Ik noemde het net al een relatieve stilte, om verschillende redenen. Het is, om te beginnen, in een huishouden met drie kinderen en een hond eigenlijk nooit echt stil. Maar meer nog zou ik willen zeggen dat het in een sluis, ook al lijkt het stil, een bedrijvigheid van jewelste is. Mijn zeer gewaardeerde collega-sluiswachter, heb jij weleens in een sluis gelegen? Of blijf je in de sluiswachterstoren zitten om de knoppen te bedienen? Dan kan ik je ten zeerste aanraden om de sluis eens van een andere kant te bekijken. Ik ben eens, in mijn jonge jaren, op vakantie geweest in Zweden. Met een groep jongeren maakten we een trektocht met kano’s door de mooie Zweedse natuur. Daar kwamen ook heel wat sluis-momenten (letterlijk!) bij kijken. Dat waren bijzonder spannende momenten. De buitenste kanovaarders moesten de wanden van de sluis vasthouden en de kanovaarders die daar tussen lagen moesten elkaars kano’s en die van zichzelf vasthouden. En je had de grootste pech wanneer je voorop lag met je kano. Moest het waterpeil stijgen, dan werd het water met groot geweld door kieren van de sluisdeur de sluis in gespoten. En ja, wanneer je voorop lag met je kano, kwam je dus kletsnat de sluis uit. Moest het waterpeil juist zakken, dan moesten we ons zo mogelijk nog steviger vastklampen, om te voorkomen dat we als één kluwen kano’s richting de sluisdeuren gezogen werden. Sluis-tijd is geen stille tijd om je terug te trekken in je eigen coconnetje en je collegapredikanten te negeren. Sluis-tijd is een tijd van hard werken, onder het (water)oppervlak gebeurt van alles, je stuurt bij, je balanceert, je leert. Eigenlijk precies dus wat jij nu doet met jouw boekje ‘Ik ben er voor jou’ in deze 40-dagentijd.    
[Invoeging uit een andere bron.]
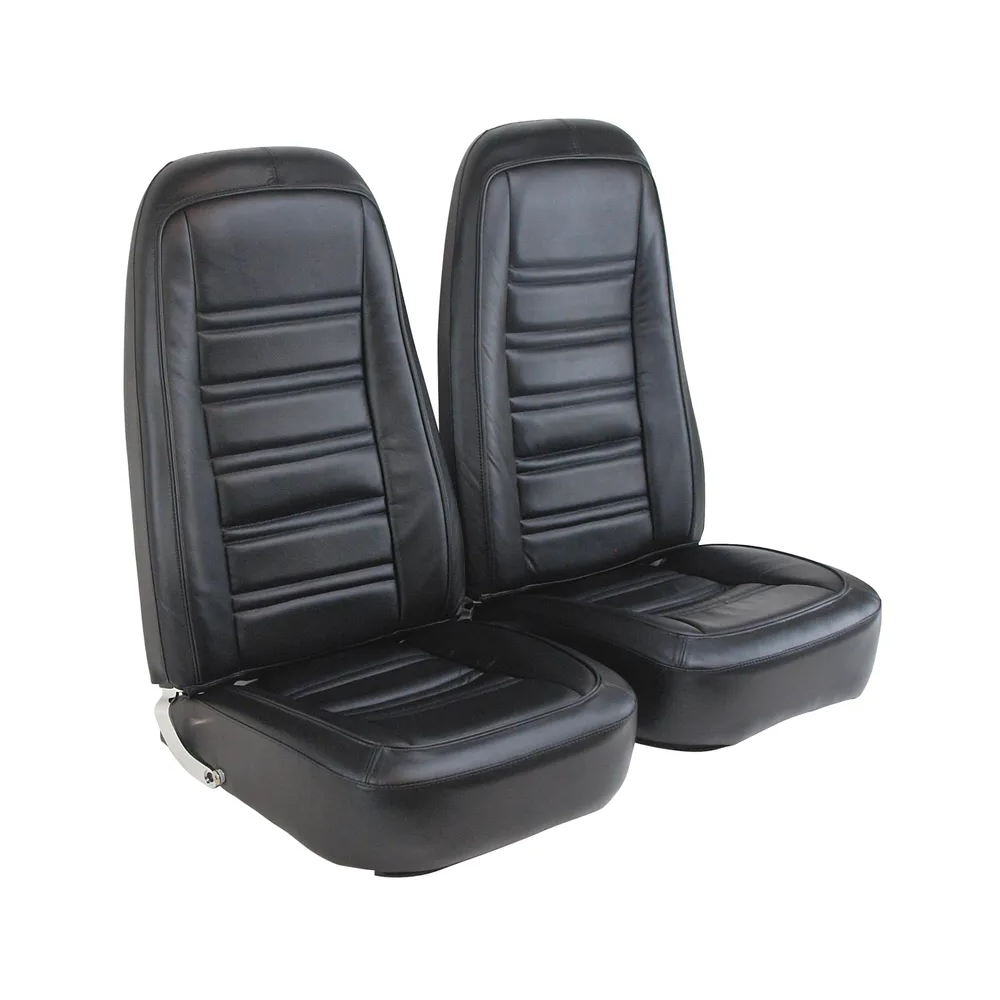 C3 1976-1978 Corvette Mounted Seats - Driver Series - Black Leather Vinyl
Ik hoop dat ik met deze brief jouw gevoel dat ik je zou negeren (hoe zou ik zoiets nou kunnen doen?) heb weggenomen en je timmerende vuisten op je tafel tot bedaren heb kunnen brengen. We hebben elkaar in deze tijd immers zo hard nodig, als schrijvers, als predikanten, als mensen. Daarom ben ik blij dat je je gevoel zo duidelijk gecommuniceerd hebt, zodat ik daar op kon reageren. En dan kunnen we nu weer verder, toch?

Ik zou wel willen afsluiten met een mooie vraag om je te verleiden tot een nieuwe mooie brief, maar door mijn, weliswaar wegebbende, verbazing over jouw brief blijven de vragen even weg uit mijn hoofd. Je schrijft nog wel, toch?